# Hello, from Northernmost California



## Greg Lindholm (Nov 19, 2006)

Hello to all. My name is Greg Lindholm. I'm a retired person, now pursuing a 2nd career in Music. I'm a keyboardist. I wish to learn much more about Orchestration, VI music creation and eventually, writing for film. I've completed 2 years worth of coursework in Recording Arts and Commercial Music Production at Diablo Valley College, Pleasant Hill, Ca. I have a home studio consisting of a Mac laptop that drives a DAW with a Kurzweil K2500 XS, an EDIROL PCR 30, a Hammond-Suzuki XK-3., Korg Triton Rack and a Roland JV 1080 RACK. I've got Garritan's Personal Orchestra, Reason, LIVE 6, ABSYNTH 3, MICROTERA1 and a bunch of other synths. I'm still shopping for other sample libraries. I use Sibelius 4 to score. 

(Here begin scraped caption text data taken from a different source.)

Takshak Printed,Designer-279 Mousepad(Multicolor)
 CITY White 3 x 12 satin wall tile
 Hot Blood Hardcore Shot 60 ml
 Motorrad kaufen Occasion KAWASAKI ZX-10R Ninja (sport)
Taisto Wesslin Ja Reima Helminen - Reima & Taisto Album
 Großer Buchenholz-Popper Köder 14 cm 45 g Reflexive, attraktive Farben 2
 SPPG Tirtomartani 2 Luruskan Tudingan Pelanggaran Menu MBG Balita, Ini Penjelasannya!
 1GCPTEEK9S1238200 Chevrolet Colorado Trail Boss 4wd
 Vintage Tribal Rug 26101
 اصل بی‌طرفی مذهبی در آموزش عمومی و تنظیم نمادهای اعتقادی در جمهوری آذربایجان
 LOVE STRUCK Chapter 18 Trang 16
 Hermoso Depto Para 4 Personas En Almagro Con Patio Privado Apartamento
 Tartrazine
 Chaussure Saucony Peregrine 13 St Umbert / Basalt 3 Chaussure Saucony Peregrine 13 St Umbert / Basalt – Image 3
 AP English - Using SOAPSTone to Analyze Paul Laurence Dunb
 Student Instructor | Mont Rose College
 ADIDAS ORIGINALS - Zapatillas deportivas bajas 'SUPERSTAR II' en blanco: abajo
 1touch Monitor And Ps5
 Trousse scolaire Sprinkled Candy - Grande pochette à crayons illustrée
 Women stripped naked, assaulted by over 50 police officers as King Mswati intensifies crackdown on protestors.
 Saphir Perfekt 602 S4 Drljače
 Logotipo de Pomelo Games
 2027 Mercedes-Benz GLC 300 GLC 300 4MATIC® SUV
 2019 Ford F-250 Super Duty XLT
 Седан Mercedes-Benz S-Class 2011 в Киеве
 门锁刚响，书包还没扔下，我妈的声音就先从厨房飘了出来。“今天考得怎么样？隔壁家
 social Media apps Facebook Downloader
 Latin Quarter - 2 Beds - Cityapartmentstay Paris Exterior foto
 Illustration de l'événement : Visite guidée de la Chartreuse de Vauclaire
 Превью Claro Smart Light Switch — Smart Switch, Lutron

I'm working for the local High School Band and Choir teacher. She needs rehearsal accompaniment as her accompanist can't make all the rehearsals. So I convert scores to MIDI and make rather rude-i-mentary tracks for her talent to practice. I'm working with another fellow to develop a musicians' co-op for kids in this remote, rural place I live. 

That's me in the short list. I hope to converse with you all in the future. 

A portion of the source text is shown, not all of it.